Слезть тогда с телеги и минут через двадцать быстрого хода — в селе. Мать обрадуется во как, испечет растворенные на подонках сочни, нагреет самовар и будет расспрашивать спешно о жизни сына в городе. А живет сын сейчас в бывшей гостинице «Америка» в крохотном номере, где стены в щелях, залепленные обоями из газет времен мировой войны, с рисунками бравых солдат со скатанными шинелями через плечо, с винтовками за спинами; где коридор длинный и темный, пропахший ваксой и одеколоном; где толкотня, гомозня, брань. Одежонка у него все та же, что справила мать в дорогу два года назад: сапоги с ошмыганными подметками, синие брюки да пиджак. Вот только кожушок куплен на толкучем рынке да серая папаха с какого-то солдата из цейхгауза — по приказу Ярова. Это чтобы не дрог, как щенок на морозе, агент Пахомов в родителевом картузишке. Питается он в милицейской столовой и зачислен, как и другие, на довольствие приварочное, провиантское, мыльное и чайное. Что голодным нередко остается, говорить матери не будет. Такая уж работа у них в розыске хлопотная. То рецидивиста по «тихой» разыскиваешь целый день по закоулкам да трущобам, то на каком-нибудь собрании комсомольской отчетки, то в засаде, да не один день.
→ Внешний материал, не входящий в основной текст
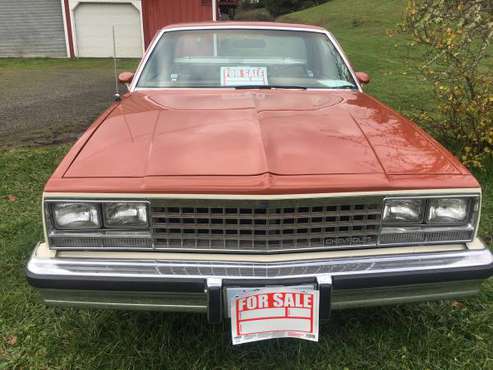 1984 Chevy El Camino - cars & trucks - by owner - vehicle automotive... for sale in Springfield, OR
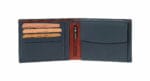 Lavor 1-6036 Δερμάτινο Ανδρικό Πορτοφόλι Με RFID Μπλε - Image 2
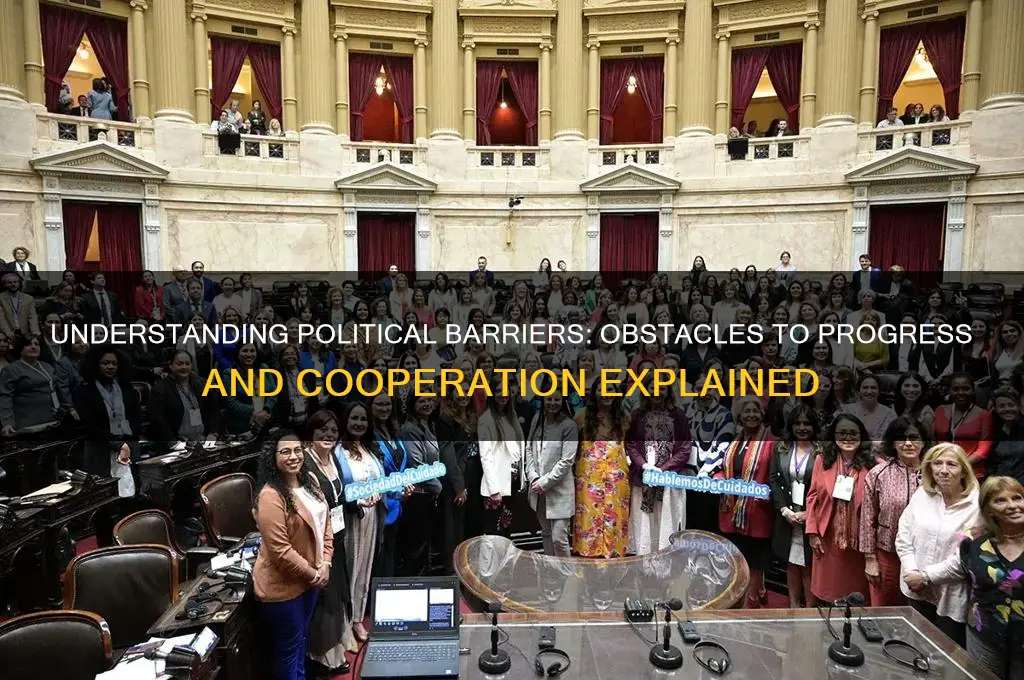 what is a political barrier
На кладбище, когда караулили церковных воров, так три дня сидели в ржавом склепе, информация потому что вышла от своих людей не совсем точная.
Костя оглянулся на своего попутчика, и тот словно бы спохватился, закричал — в голосе была радость человека, нашедшего что-то нужное:
— Костыль, а где бутылка, что ты у меня купил? Нешто один всю выдул?
«Вспомнил», — с неудовольствием подумал Костя и отвернул полу кожушка.
— Вот она... Хозяину своему Ивану Ивановичу в подарок. Подручным у него буду, молотобойцем.
— Эх-ха, — и Санькина рука властно потянулась к бутылке: — Да он же, Мурик, и есть Мурик. Не пьет и других проповедями кормит, чтобы носы воротили от сивухи... Давай-ка на глоток.
Он отпил не глоток, а солидную порцию, едва не задохнулся, похвалил сам себя, вытирая влажные губы:
— Ну и черта же гоношу я у себя в риге... А ты что же?
— Падучая у меня, — соврал Костя, — как малость выпью, так бьет, будто рыба из воды кинутая на песок... И ногами, и руками... Не приведи бог.
— Да, уж не приведи бог, — согласился Санька со вздохом старушки и опять потянул руку к кожушку: — Давай тогда еще мне глоток, раз у тебя падучая...
Он отхватил из бутылки еще несколько глотков, а возвратив ее, похвалил Костю:
— Ты добрый человек, как и я.
Повалился спиной на телегу, задрал ноги в заляпанных грязью сапогах. Не обращая внимания на то, что голова скачет по доскам, как кочан капусты, заговорил:
— Я вот тоже ко всем добрый, с открытой душой. Надо зарезать ярку — бегут ко мне: Санька, мол, чикни. Надо попилить дров — опять к Саньке. И топор наточить, и косу отбить, и подправить что в избе или в сарае — тоже к Саньке. Иду, хоть и не нужен мне очень-то их могарыч... Вот и в Никульское сегодня почему думаешь? Соседка упросила мужика свово в больницу отвезти. Мол, у нас лошади нет, так свези, пожалуйста, Санька. Обещала барахла какого-то. Ну не надо мне твово барахла, тетка Дуня. А мужика твово свезу, потому как и мне нет сил смотреть на евонные муки. А у мужика — каменная болезнь, и он под себя мочится. Жалко его, к сорока всего-то, а усох, что стручок по осени... Вот и возил. А дорога от Игумнова до Никульского сорок верст. Целый день вот прокачался на рытвинах-то да ухабах. А еду, потому что добрый я очень человек.